Vatican City: The Vatican newspaper today hit back at Italian parliamentary speaker Gianfranco Fini for accusing the Roman Catholic Church of failing to oppose Italy's 1938 anti-Jewish legislation.
Dismissing the former neo-fascist's remarks as "wretched political opportunism," the Osservatore Romano noted that they had "sparked surprise and great controversy".
"It is surprising and upsetting that one of the political heirs of fascism which was uniquely responsible for the infamy of the racial laws and from which (Fini) long ago admirably sought to distance himself now casts doubt on the Catholic Church," the paper said in an editorial.
Fini, in an address yesterday marking 70 years since the laws were promulgated, said: "Fascist ideology alone does not explain the infamy of the racial laws.
"We must wonder why Italian society overall conformed with the laws against the Jews and why with rare exceptions there was no particular show of resistance... Not even, and it pains me to say it, from the Church," Fini said.
Radio Vatican immediately rejected Fini's remarks.
Fini, 56,a former foreign minister, heads the right-wing National Alliance.
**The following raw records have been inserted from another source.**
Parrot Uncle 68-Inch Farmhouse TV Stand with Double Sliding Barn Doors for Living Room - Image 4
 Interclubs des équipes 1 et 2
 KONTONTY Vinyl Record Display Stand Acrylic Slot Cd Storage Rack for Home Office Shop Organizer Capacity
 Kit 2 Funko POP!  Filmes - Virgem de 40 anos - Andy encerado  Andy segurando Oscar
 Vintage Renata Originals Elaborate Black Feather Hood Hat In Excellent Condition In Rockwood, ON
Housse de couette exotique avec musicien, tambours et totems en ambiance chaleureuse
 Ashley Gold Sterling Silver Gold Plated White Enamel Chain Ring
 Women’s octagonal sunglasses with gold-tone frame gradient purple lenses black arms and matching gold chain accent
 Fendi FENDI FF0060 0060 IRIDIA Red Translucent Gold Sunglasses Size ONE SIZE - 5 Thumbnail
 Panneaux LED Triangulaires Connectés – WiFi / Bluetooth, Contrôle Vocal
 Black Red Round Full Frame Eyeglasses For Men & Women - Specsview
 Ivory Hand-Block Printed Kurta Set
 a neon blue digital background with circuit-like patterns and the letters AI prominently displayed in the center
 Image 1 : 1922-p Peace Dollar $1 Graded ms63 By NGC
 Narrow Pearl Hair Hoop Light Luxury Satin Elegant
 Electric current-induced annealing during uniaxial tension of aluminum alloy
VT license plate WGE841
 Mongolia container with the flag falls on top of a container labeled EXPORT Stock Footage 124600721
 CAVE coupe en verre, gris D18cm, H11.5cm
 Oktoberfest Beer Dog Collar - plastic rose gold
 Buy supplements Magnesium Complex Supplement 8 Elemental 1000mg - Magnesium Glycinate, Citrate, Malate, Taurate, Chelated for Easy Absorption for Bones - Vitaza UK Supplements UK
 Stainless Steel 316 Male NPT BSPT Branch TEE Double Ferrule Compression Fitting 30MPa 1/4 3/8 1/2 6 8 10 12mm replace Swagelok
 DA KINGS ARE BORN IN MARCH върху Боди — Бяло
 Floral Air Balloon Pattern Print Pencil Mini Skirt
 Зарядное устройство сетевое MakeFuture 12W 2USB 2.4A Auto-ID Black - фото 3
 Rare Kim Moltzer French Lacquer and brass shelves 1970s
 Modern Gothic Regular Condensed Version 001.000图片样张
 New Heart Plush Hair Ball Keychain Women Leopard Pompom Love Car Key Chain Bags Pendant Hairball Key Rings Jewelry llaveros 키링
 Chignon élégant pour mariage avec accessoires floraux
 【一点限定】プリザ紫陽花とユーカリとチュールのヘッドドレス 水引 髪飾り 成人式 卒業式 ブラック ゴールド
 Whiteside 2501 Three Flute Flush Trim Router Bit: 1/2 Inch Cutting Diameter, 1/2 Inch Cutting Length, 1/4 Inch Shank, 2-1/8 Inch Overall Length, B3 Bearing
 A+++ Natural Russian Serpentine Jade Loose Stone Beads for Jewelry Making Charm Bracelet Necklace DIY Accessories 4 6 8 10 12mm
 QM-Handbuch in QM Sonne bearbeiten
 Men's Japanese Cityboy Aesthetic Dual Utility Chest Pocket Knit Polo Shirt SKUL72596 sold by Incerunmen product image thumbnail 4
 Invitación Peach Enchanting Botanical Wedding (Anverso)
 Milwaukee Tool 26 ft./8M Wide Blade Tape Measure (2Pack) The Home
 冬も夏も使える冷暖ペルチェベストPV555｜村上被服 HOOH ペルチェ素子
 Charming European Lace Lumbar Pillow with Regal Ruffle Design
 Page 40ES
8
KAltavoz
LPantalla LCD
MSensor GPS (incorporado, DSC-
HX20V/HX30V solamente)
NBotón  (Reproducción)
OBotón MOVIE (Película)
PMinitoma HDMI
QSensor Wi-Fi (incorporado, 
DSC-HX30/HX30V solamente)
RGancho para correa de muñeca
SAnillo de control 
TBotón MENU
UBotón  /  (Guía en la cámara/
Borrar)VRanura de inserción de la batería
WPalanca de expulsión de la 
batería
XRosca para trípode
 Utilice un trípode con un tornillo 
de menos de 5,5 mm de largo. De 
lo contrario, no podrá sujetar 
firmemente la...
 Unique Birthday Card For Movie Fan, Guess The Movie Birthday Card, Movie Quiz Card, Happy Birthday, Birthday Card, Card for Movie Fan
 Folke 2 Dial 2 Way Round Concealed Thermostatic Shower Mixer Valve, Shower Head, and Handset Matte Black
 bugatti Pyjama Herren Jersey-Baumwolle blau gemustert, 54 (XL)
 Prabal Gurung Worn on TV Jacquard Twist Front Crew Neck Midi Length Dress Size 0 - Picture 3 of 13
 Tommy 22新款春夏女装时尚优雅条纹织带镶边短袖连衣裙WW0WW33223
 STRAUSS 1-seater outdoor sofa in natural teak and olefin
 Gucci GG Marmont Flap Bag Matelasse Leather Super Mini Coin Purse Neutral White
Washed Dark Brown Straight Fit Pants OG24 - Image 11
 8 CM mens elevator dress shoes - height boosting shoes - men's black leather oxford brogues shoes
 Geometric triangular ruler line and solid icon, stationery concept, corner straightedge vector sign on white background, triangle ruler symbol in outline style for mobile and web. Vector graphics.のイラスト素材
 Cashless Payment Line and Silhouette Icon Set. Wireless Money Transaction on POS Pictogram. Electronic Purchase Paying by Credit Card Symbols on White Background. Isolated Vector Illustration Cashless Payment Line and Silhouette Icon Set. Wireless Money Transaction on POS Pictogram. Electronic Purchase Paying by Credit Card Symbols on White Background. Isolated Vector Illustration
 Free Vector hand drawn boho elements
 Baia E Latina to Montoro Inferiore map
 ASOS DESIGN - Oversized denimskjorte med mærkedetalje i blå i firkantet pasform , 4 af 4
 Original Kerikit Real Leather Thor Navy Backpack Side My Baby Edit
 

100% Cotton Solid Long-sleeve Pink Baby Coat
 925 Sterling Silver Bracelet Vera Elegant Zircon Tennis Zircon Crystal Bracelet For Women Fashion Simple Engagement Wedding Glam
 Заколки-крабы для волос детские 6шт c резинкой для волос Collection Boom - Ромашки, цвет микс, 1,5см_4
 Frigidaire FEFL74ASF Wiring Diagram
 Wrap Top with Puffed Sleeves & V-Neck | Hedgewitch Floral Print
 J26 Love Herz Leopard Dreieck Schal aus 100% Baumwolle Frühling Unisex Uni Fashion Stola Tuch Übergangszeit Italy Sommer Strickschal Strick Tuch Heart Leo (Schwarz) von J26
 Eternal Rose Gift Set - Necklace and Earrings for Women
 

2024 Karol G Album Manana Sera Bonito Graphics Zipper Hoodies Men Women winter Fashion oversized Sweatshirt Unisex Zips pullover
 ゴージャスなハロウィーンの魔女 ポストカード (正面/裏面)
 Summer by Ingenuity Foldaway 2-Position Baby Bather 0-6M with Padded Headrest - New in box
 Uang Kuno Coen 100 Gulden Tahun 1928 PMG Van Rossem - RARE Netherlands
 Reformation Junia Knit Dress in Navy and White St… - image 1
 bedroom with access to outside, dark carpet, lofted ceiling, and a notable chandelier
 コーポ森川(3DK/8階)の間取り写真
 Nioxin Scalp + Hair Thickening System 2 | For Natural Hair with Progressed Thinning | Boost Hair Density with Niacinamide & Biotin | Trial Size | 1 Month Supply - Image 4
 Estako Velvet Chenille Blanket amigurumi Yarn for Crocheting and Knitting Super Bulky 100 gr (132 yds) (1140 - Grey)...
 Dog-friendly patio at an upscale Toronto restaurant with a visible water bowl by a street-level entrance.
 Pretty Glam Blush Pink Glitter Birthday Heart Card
He was the national secretary of the neo-fascist Italian Social Movement, formed by supporters of the late dictator Benito Mussolini in 1946,for several years between 1987 and its dissolution in 1995.
Fini, who in 1992 was still calling Mussolini "the greatest statesman of the 20th century", travelled in 1999 to the former Nazi death camp at Auschwitz, writing at the time that "no tragedy can be greater than the Holocaust".